As shown in FIG. 4, after a connection is made, the cable may be bent or folded by 90 degrees into parallel with the board so that the connector and cable do not protrude above the board by much more that the height of the connector head. The length of the ties is sufficient that the cable may bend without force or binding between the connector head and the grip sleeve.
In the preferred embodiment, the connector head has an overall width and length of 1.0 inch (25 mm), and a thickness of about 0.4 inch (10 mm). The ribbon cable has a width of 0.7 inch (18 mm). The ties 52 have a length that permits a spacing of 0.6 inch (15 mm) between the ends 42 of the sliders 36 and the nearest surface of the sleeve 44 when the cable is straight.

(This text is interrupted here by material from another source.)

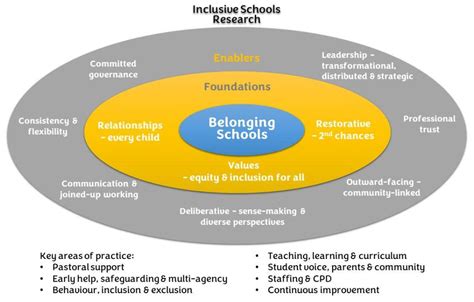 Belonging Schools How Do Relatively More Inclusive Secondary Schools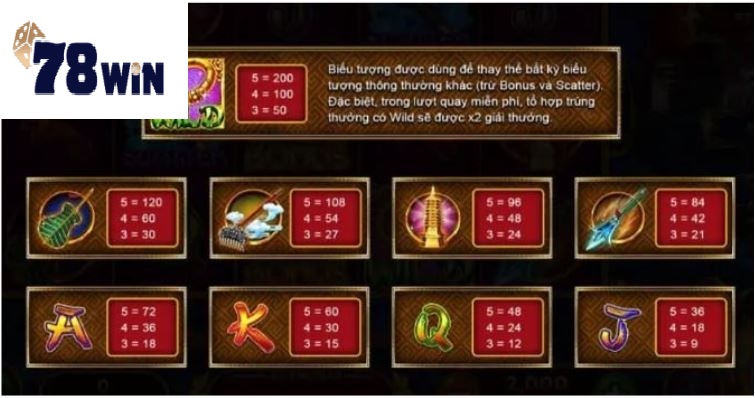 Hướng dẫn cách chơi tây du ký 78win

The sleeve has a width of about 1.0 inch (25 mm), a length of 0.5 inch (12 mm) and a thickness of about 0.2 inch (5 mm). When the connector is connected to a board mounted socket and the cable and sleeve folded flat, the connector protrudes above the board surface by a limited 1.2 inch (30 mm).
While the disclosure is made in terms of a preferred embodiment, the invention is not intended to be so limited.
1. An electrical connector for connection to a receptacle having a receptacle electrical contact and a mechanical latch element, the connector comprising:
- a body;
- a connector electrical contact positioned to contact the receptacle electrical contact when the connector is connected to the receptacle;
- a flexible electrical conductor extending from the body and connected to the connector electrical contact;
- a movable connector latch attached to the body and movable relative to the body between an engaged position and a disengaged position, such that the latch engages the receptacle latch element only when in the engaged position;
- a grip connected to the connector latch and operable to move the connector latch between the engaged position and the disengaged position; and
- a flexible tension element connecting the grip to the connector latch.
2. The connector of claim 1 wherein the grip is spaced apart from the body, such that the grip may be angularly disposed with respect to the body.
3. The connector of claim 1 wherein the grip is a sleeve defining a passage.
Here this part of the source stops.